The 2026 Washington Supreme Court election will be held on November 3, 2026, to elect five members of the Washington Supreme Court. There are three regular elections for the seats held by Justices Raquel Montoya-Lewis, Charles W. Johnson, and Debra Stephens. Justice Montoya-Lewis is not seeking re-election and Justice Johnson reached the mandatory retirement age making him ineligible to seek re-election. In addition, there will be two special elections for appointed Justices Colleen Melody and Theo Angelis to finish the terms of Justices Mary Yu and Barbara Madsen respectively.

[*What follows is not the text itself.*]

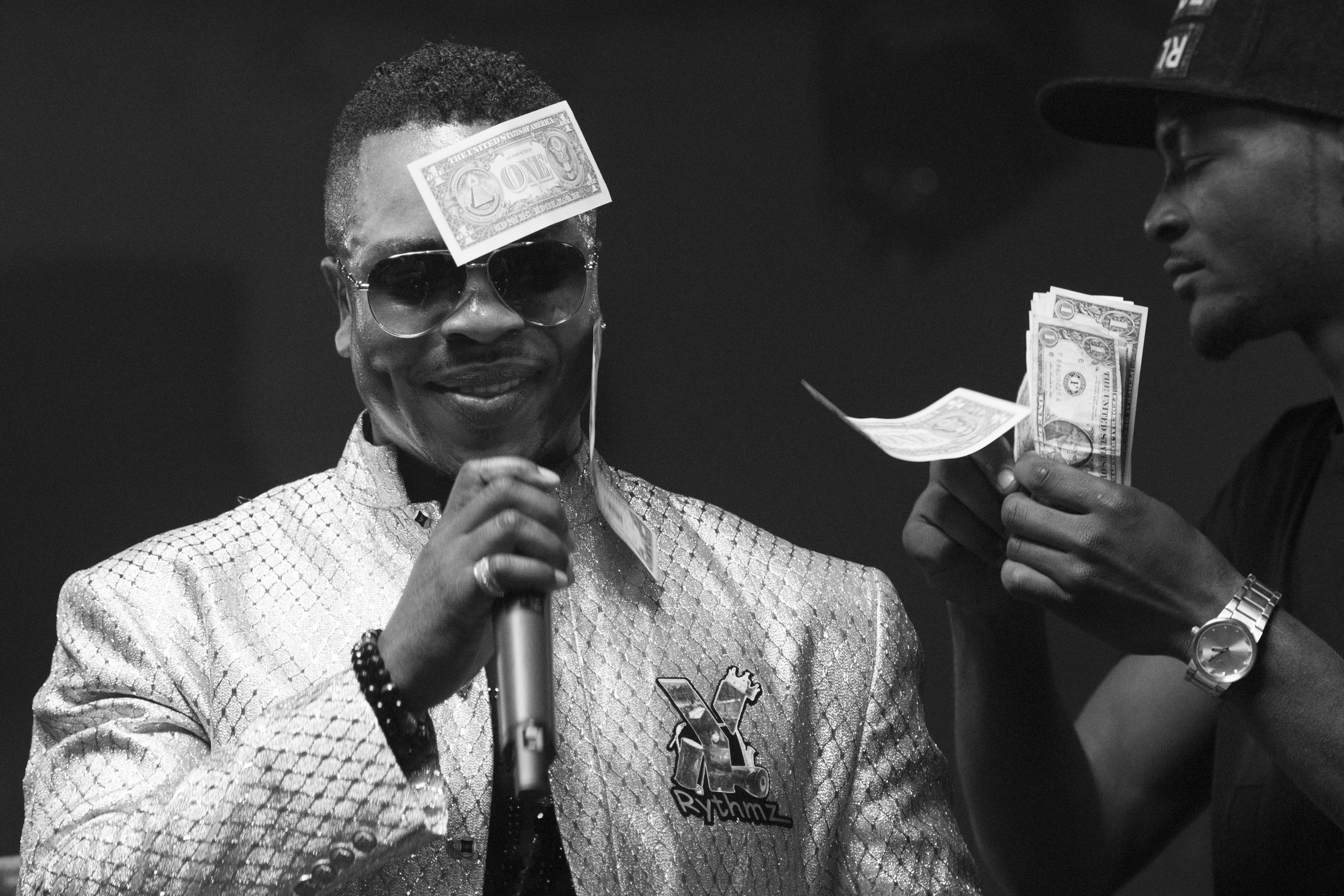 Money sticks to Yinka Rythmz's sweaty forehead as he performs during the I Am Somebody Las Vegas 2.0 show at Mia's Banquet Hall in Las Vegas, Saturday, Dec. 17, 2016.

The election will be held concurrently with the 2026 US midterm election, as well as elections to the US House of Representatives, Washington State Senate and House, and various county and local offices. Primary elections will be held on August 4, 2026 using a top-two primary where all candidates are listed on the same ballot and the two candidates with the most votes advance to the general election.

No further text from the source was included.